With the ongoing financial crisis, many parents are stressed out and worried. Even fleeting contact with TV and radio news — or overhearing money-related conversations between parents — may make kids anxious, too. Children tend to pick up on what’s going on around them, even when it’s not being talked about directly. Without clear information from you, your child may be imagining things are far worse than they actually are.
Reassure and be honest
Because children and teens need stability and predictability, it’s helpful to talk, in age-appropriate terms, about how your family is doing.
“First, reassure your child about what is not at risk, depending on your family’s situation. For example, “we’re not going to be homeless, we can go to the doctor when we need to, we will still have plenty to eat.”
Then, if your family is cutting back on spending, be honest with your child about what will change. This is a perfect time to talk about making choices where money is concerned and the difference between “need” and “want.” Share with your child what you’re doing to reduce personal expenses — skipping that daily latte, spending less on clothing or activities. Older children may want to have some say in which of their
favorite “extras” get cut. Where possible, involve them in making sound choices.
Model coping skills
Affirm that you will get through this situation together, but that it is an adult problem.

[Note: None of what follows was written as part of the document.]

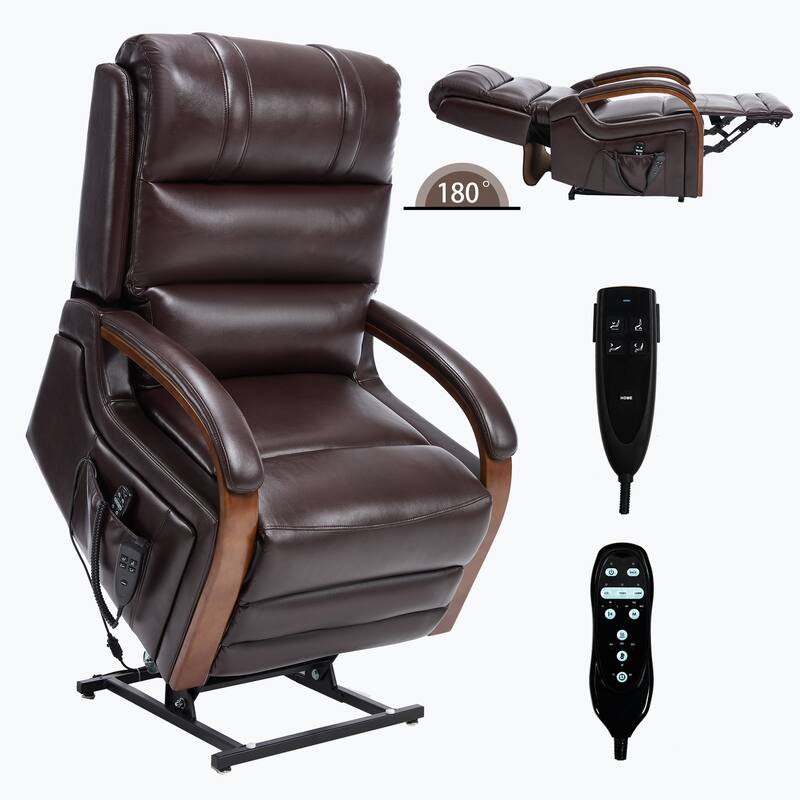 Dual Motor Power Lift Recliner with Heat Massage and Solid Wood Armrests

You may need to monitor your own stress level. It can be helpful to turn off the TV and radio “talking heads” for a while and get support from friends, family, counselor, or call the Parent Trust Family Help Line at 800-932-HOPE (4673). Just as this is an opportunity to teach your child about making thoughtful choices where money is concerned, it’s also a chance to model and teach good coping skills in general.
These are important lifelong skills, and will foster good financial habits that can serve your child well in adulthood.
One thing is for sure in this life: There will be ups and downs. While we can’t guarantee happiness for our children or control the world around us, we can teach our children good skills for coping with the twists and turns life offers. This is one of those opportunities.